Directions for this task
Return the data that follows exactly as it appears. Pictures do not belong in the copy.

Material provided
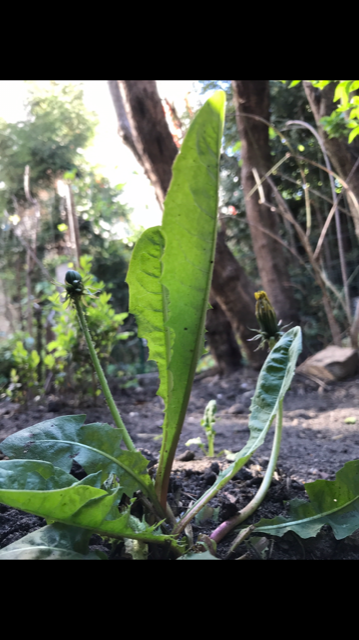 Revers de la feuille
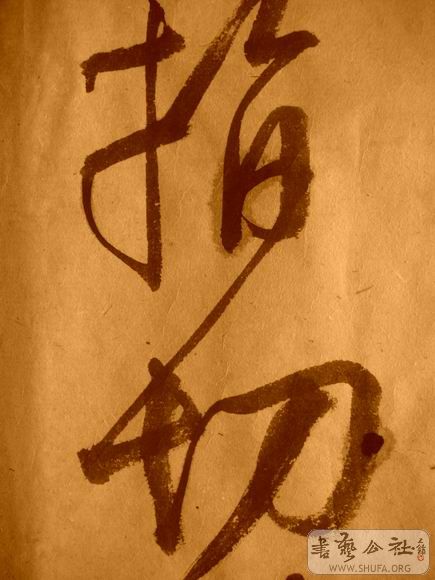 ������С IMG_5147.JPG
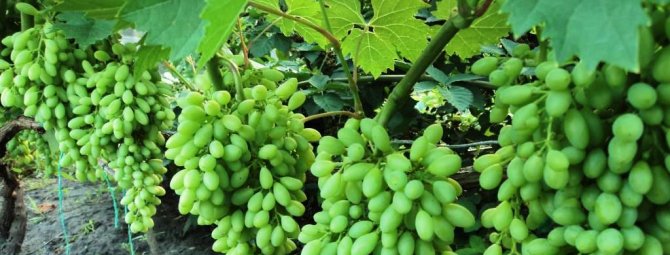 Виноград сорта Столетие — для истинных любителей кишмиша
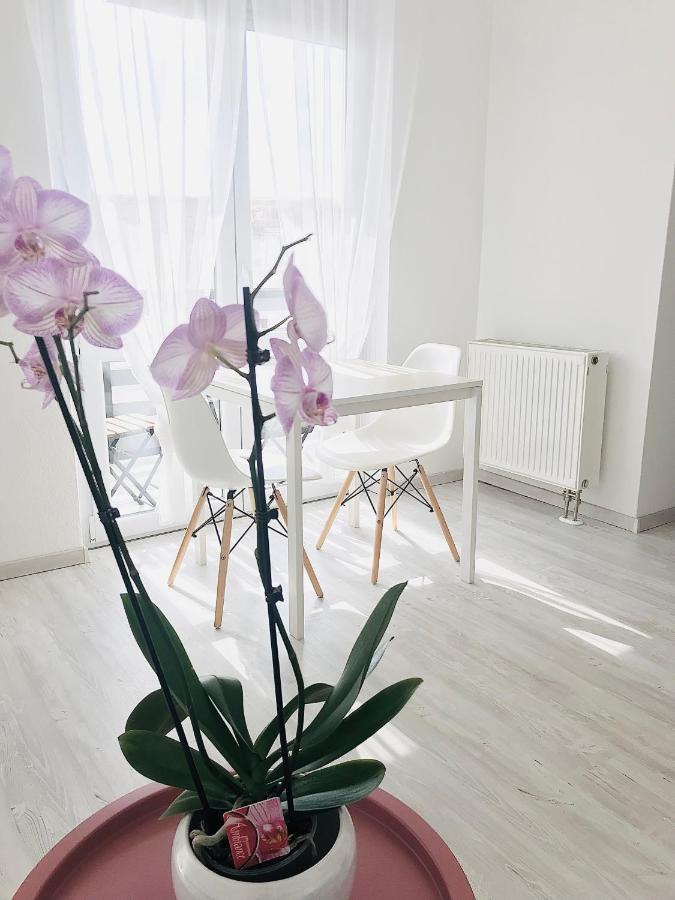 קצ'קמט Belvarosi Studio Apartman מראה חיצוני תמונה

Expected answer
 Revers de la feuille
 ������С IMG_5147.JPG
 Виноград сорта Столетие — для истинных любителей кишмиша
 קצ'קמט Belvarosi Studio Apartman מראה חיצוני תמונה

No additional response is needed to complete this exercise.